### About this task
Only the lines from the start of the data below through the line that contains "Barna természetes bőr bakancs 1s7h3230" are to be copied, exactly and without pictures.

(Data records)
───
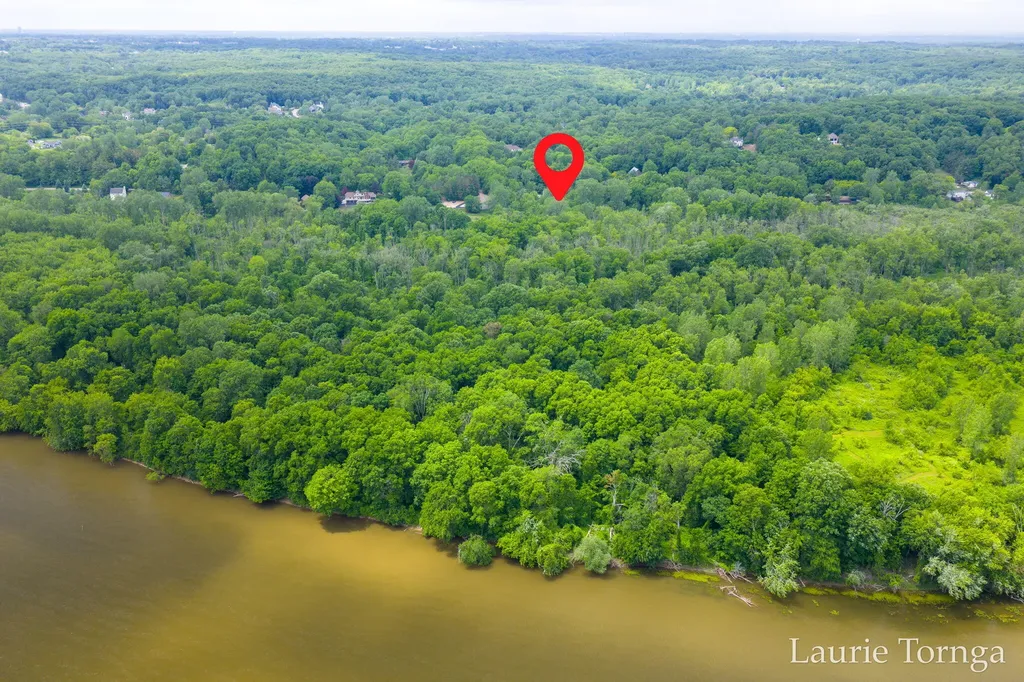 2670 Grand River Drive NE Ada Township MI 49525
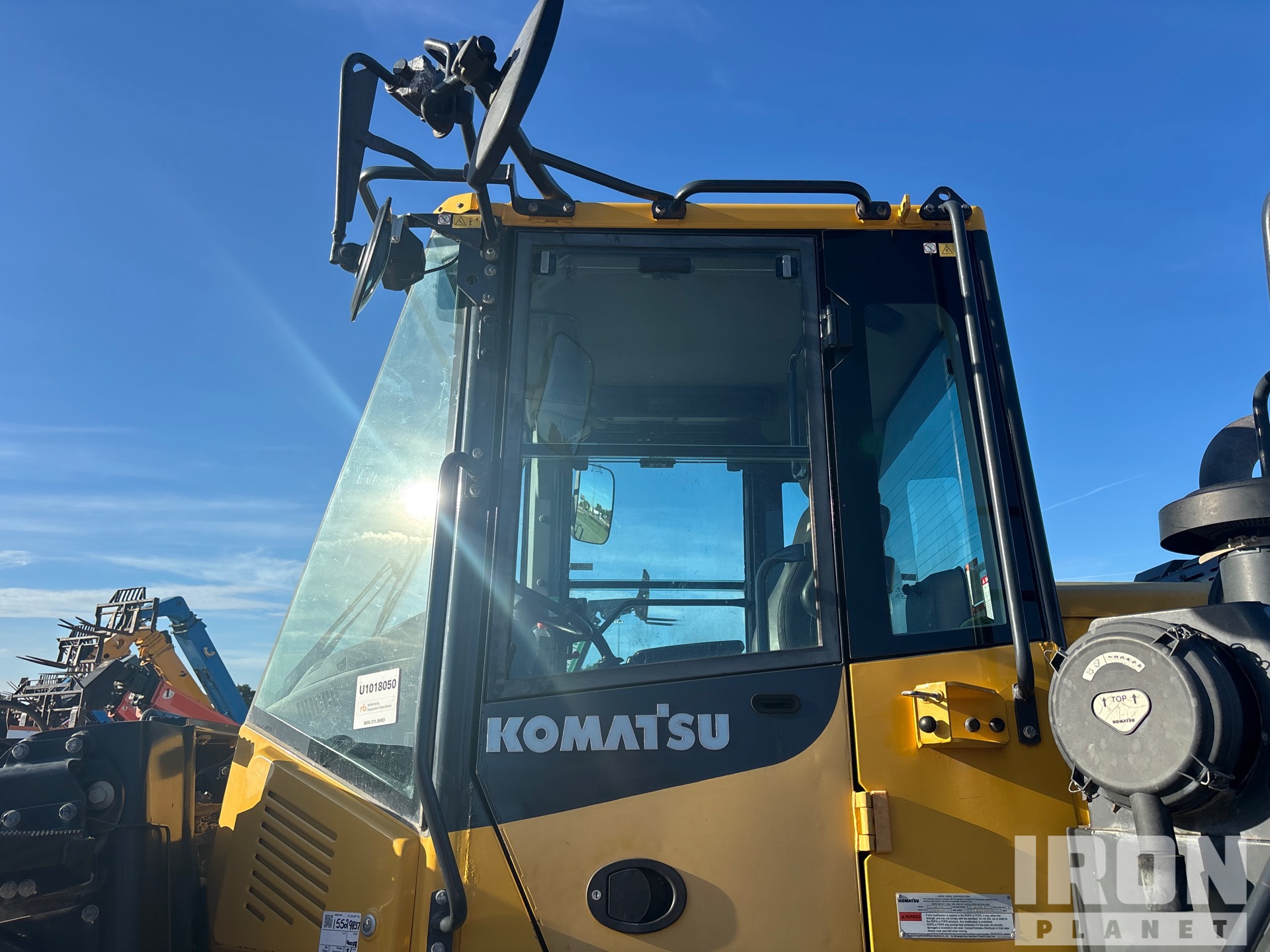 2023 Komatsu WA380-8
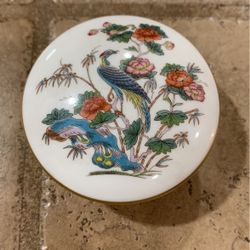 Wedgwood Kutani Crane Bone China Round Trinket Box with Lid Made in England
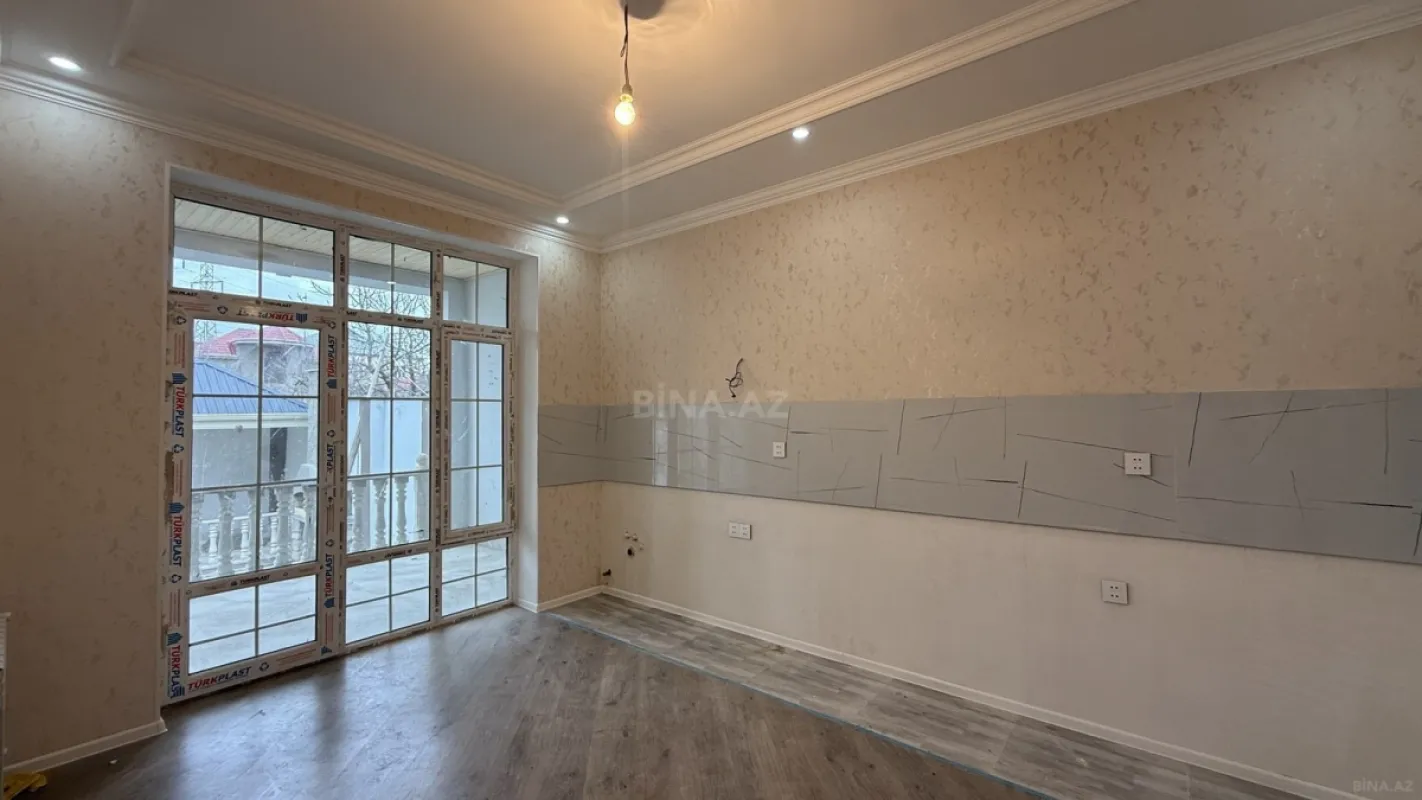 Satılır 4 otaqlı həyət evi 120 m²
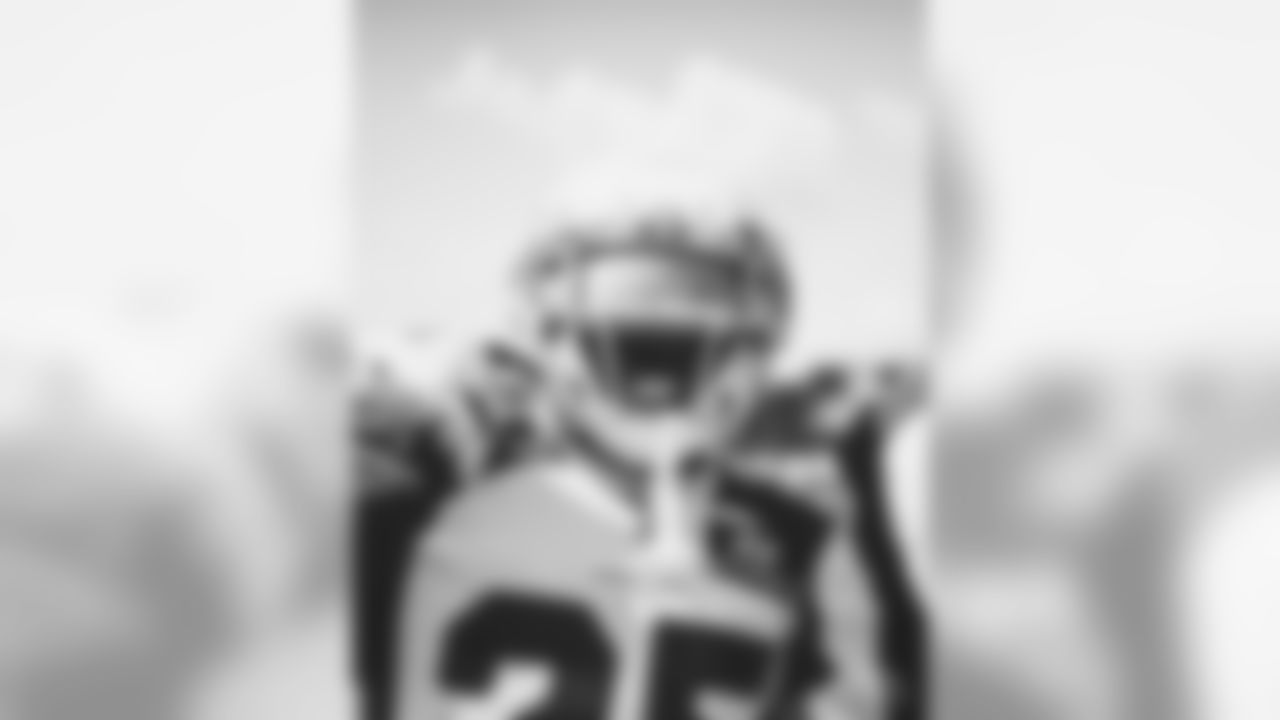 CB Chris Jones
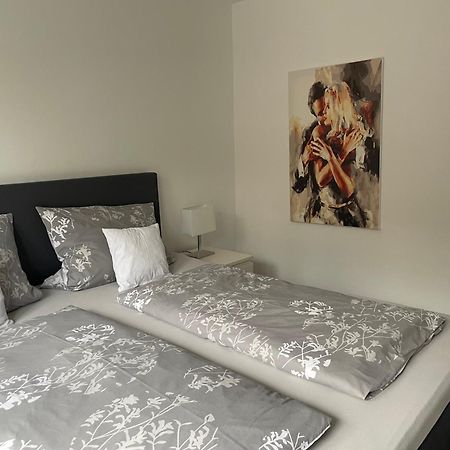 Appartement Im Herzen Von Leimen Exteriör bild
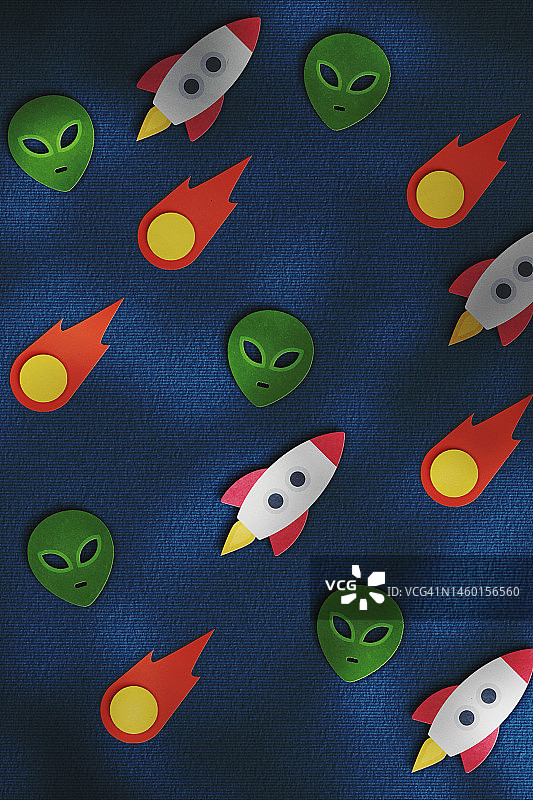 带有火箭和外星人的剪纸太空无缝图案图片素材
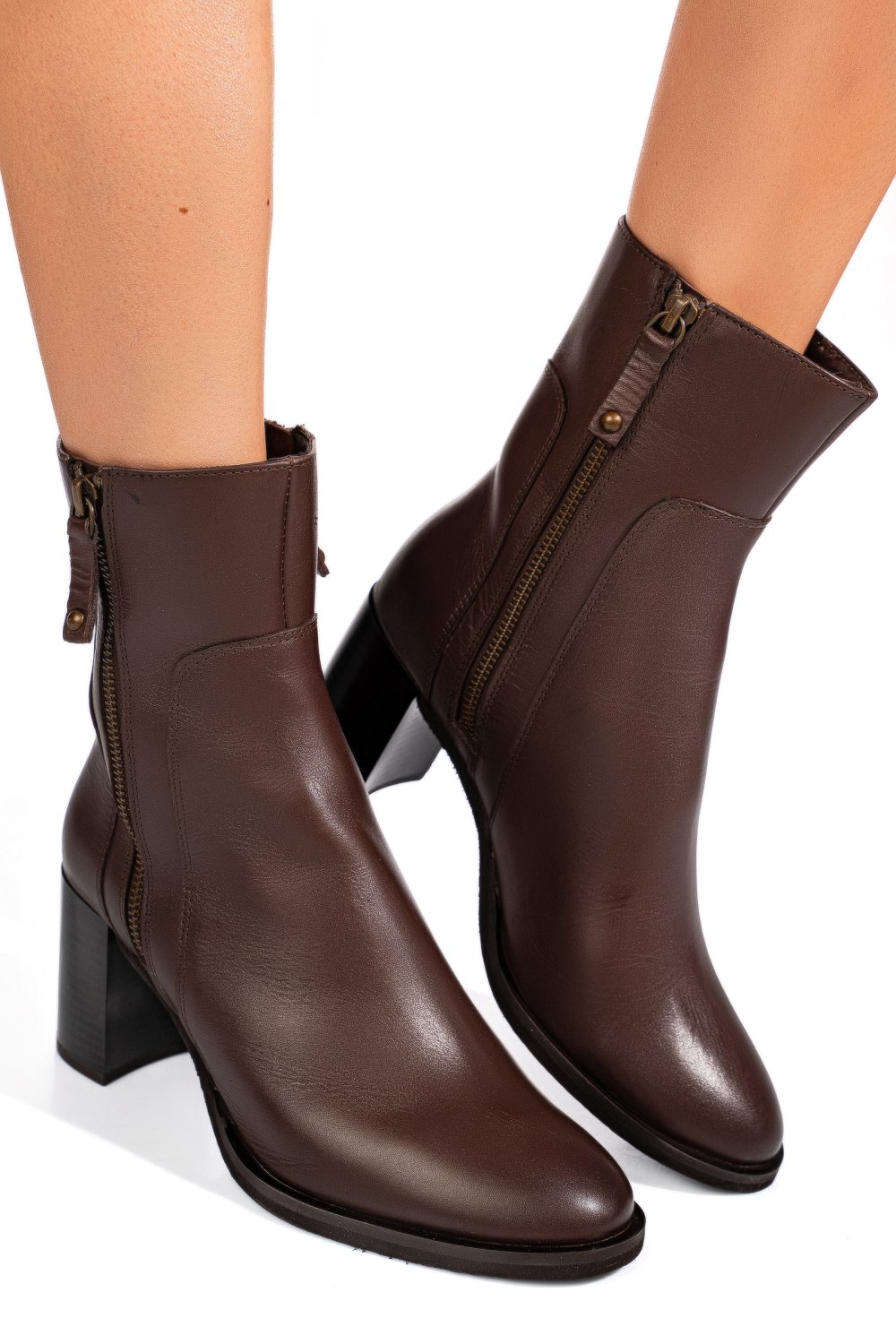 Barna természetes bőr bakancs 1s7h3230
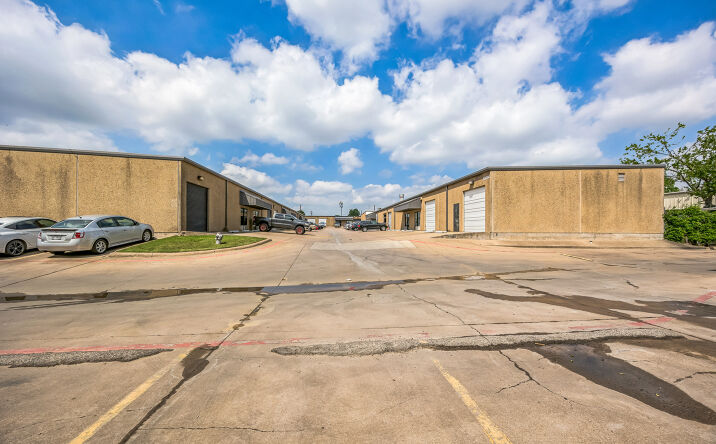 Pictures of Industrial property located at 1000 Harrison Ave, Arlington, TX 76011 for lease - image #1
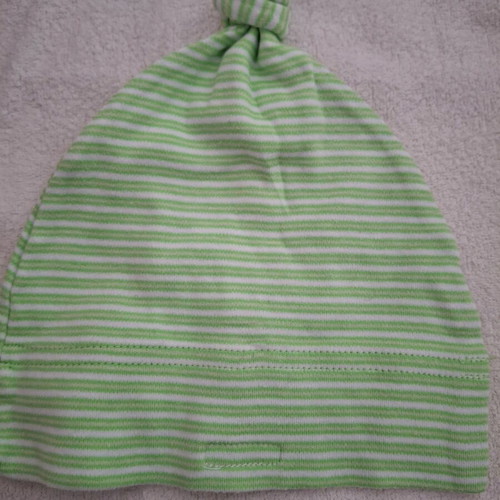 Baby hats like new, set of 3 pieces
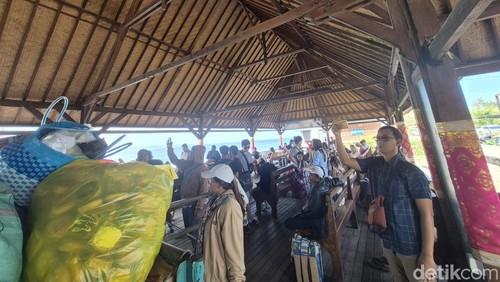 Pelabuhan The Angkal Kusamba dipadati penumpang yang hendak menyeberang ke Nusa Penida, Klungkung, Bali, Kamis (7/8/2025). (Foto: Ni Komang Ayu Leona Wirawan/detikBali)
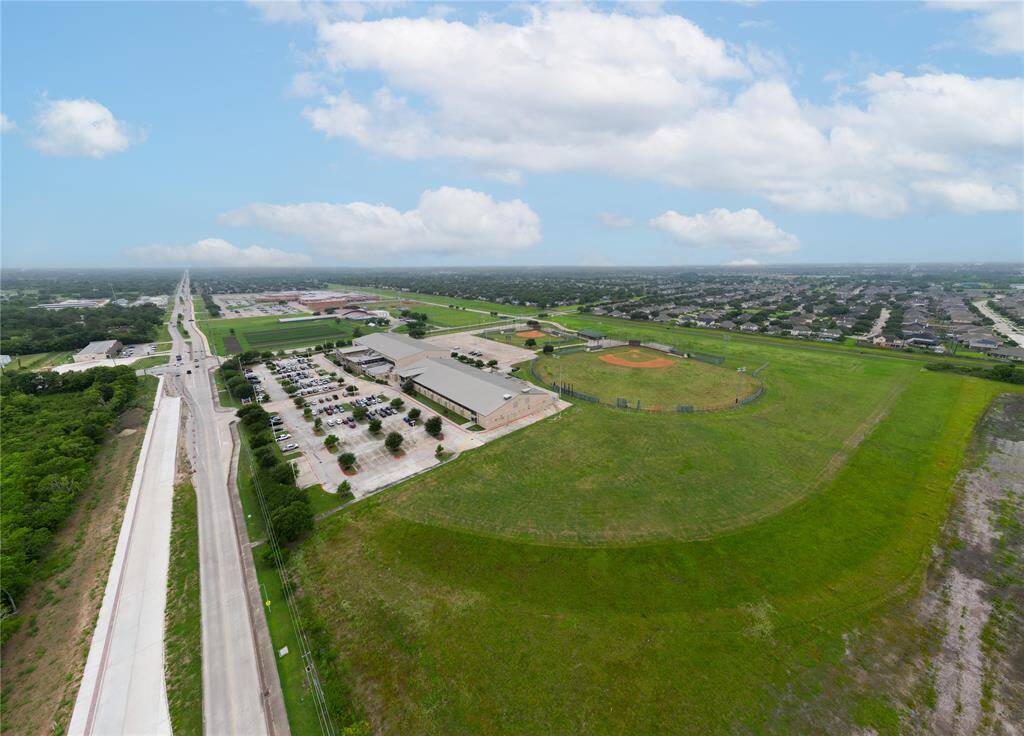 The Pearland Rec Center & Natatorium is 1 mile away!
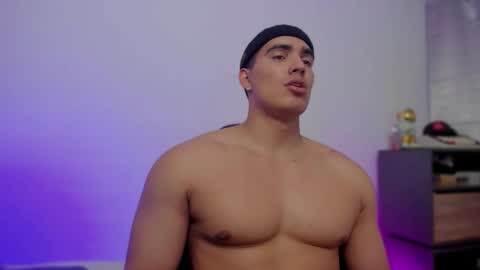 Snapshot of jamesgraay chatting on February 2026 04:29:01 AM James Gray online show from February 2026 04:29:01 AM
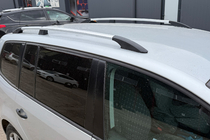 Volkswagen Touran 2010–2015 Chromové střešní ližiny fotografie 10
───
### Expected answer
 2670 Grand River Drive NE Ada Township MI 49525
 2023 Komatsu WA380-8
 Wedgwood Kutani Crane Bone China Round Trinket Box with Lid Made in England
 Satılır 4 otaqlı həyət evi 120 m²
 CB Chris Jones
 Appartement Im Herzen Von Leimen Exteriör bild
 带有火箭和外星人的剪纸太空无缝图案图片素材
 Barna természetes bőr bakancs 1s7h3230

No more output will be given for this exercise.